--- Data records Enclosed Below ---

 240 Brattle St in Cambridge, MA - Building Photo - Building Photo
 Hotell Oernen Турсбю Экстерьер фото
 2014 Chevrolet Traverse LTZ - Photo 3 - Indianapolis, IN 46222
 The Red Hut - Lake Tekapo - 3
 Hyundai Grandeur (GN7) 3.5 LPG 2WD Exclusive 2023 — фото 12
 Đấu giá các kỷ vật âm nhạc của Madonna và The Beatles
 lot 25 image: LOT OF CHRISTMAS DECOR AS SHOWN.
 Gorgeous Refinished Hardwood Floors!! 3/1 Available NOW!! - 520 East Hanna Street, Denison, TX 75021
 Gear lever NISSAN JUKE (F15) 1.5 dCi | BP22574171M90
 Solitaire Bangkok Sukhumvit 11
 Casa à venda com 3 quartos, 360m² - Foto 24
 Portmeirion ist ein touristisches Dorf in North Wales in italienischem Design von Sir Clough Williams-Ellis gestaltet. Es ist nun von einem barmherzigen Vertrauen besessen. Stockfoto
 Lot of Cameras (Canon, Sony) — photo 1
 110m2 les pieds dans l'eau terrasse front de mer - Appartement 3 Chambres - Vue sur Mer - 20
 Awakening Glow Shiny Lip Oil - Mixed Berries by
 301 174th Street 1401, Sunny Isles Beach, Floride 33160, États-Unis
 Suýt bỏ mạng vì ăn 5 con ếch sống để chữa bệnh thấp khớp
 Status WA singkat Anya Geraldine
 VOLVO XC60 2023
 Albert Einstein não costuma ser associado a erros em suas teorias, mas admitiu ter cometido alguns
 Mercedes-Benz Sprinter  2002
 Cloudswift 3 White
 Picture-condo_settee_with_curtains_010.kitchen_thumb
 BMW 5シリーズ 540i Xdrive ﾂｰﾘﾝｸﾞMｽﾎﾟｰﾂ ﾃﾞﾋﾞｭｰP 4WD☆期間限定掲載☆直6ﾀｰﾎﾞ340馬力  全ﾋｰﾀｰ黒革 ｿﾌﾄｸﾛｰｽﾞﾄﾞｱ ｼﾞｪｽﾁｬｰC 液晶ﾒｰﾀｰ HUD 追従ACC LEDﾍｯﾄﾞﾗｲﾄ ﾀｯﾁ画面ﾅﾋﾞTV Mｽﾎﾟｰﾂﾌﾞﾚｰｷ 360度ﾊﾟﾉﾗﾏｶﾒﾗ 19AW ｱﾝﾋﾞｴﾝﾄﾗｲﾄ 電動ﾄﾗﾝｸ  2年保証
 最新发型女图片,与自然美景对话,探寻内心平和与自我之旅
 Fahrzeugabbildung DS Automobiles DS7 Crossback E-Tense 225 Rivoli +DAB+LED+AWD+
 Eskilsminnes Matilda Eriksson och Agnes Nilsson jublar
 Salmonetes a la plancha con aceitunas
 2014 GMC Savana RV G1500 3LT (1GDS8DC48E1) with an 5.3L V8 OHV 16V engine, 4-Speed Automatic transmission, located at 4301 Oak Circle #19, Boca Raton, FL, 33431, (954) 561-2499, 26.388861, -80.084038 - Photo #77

--- End of Enclosed Data records ---

Activity: Check every line of the entries for "фото" and report how many lines contain it, without any other words.

Answer for this exercise: 2